Think it was Kash? Asian guy. Initially spoke to reception who put me through to a sales guy.


----------



## Nimbus265 (May 31, 2014)

Hi All, first post - but glad to be here.

I have a deposit on a TTS; dealer has informed me to day that options selection will hopefully be end Jul/Aug. They should have a car for demo to those that have ordered in Oct. TT delivery by end on year, and TTS in 1st Qtr 15, if not before.


----------



## tt3600 (Apr 8, 2006)

I'm surprised my dealer has not phoned me yet. I don't think they really know when it's out.
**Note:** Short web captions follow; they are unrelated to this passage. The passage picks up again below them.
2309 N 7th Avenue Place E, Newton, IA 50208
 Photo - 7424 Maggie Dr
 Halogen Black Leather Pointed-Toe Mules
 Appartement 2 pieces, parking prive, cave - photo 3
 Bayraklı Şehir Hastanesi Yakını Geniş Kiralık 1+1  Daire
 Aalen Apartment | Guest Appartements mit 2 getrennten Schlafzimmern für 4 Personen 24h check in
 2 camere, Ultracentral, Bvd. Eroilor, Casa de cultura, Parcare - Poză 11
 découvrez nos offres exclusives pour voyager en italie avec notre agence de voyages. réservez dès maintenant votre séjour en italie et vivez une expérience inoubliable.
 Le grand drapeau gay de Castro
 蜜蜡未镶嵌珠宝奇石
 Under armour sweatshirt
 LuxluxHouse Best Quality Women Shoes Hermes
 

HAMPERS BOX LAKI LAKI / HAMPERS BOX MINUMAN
I'm also surprised the Audi website is not allowing you to configure the car given you can no longer buy the older model.

Will be interesting to see if any deals to be had, i'm certainly not paying list.


----------



## Templar (Mar 9, 2012)

tt3600 said:


> I'm surprised my dealer has not phoned me yet. I don't think they really know when it's out. I'm also surprised the Audi website is not allowing you to configure the car given you can no longer buy the older model.
> 
> Will be interesting to see if any deals to be had, i'm certainly not paying list.


Can't see much money being knocked off if I'm honest. . Supply and demand and all that. Take the A1 for instance, not much off those at the minute. Most I can negotiate is between 500 & 1500 at best..some dealers are refusing to knock anything off apart from a little off the finance.


----------



## ZephyR2 (Feb 20, 2013)

Nimbus265 said:


> Hi All, first post - but glad to be here.
> 
> I have a deposit on a TTS; dealer has informed me to day that options selection will hopefully be end Jul/Aug. They should have a car for demo to those that have ordered in Oct. TT delivery by end on year, and TTS in 1st Qtr 15, if not before.


Wow. Jan / Feb / March 2015 seems an awful long way off.


----------



## Templar (Mar 9, 2012)

ZephyR2 said:


> Nimbus265 said:
> 
> 
> > Hi All, first post - but glad to be here.
> ...


It does especially since new orders for the mk2 are now closed apparently. 
Must be the time required to install the new mk3 production line


----------



## Nimbus265 (May 31, 2014)

ZephyR2 said:


> Nimbus265 said:
> 
> 
> > Hi All, first post - but glad to be here.
> ...


Well as my current car is not a TT, and my future one is - and I want a new one, I have no choice but to wait. The quicker it arrives, the less deprecation on my current car, and the less I have to find. Not that I can do anything to speed the delivery up!


----------



## ZephyR2 (Feb 20, 2013)

Nimbus265 said:


> ZephyR2 said:
> 
> 
> > Nimbus265 said:
> ...


Don't know what your current car is but you could be looking at £2.5k - £3k depreciation on the value of your motor over that time  
Is the price of the new TT fixed?


----------



## Nimbus265 (May 31, 2014)

> Well as my current car is not a TT, and my future one is - and I want a new one, I have no choice but to wait. The quicker it arrives, the less deprecation on my current car, and the less I have to find. Not that I can do anything to speed the delivery up!


Don't know what your current car is but you could be looking at £2.5k - £3k depreciation on the value of your motor over that time  
Is the price of the new TT fixed?[/quote]

Current car is 18 month old Jag XF-S; the original plan was for an F type coupe, but had to by the long haired general a car (Q5) and surprisingly pleased with it. We don't need 2 big cars, so its a 2+2 for me. Nearly bought a 12 month of TT-RS at the weekend, but with the Mk3 on the horizon, it seemed to make sense - hence deposit paid  .


----------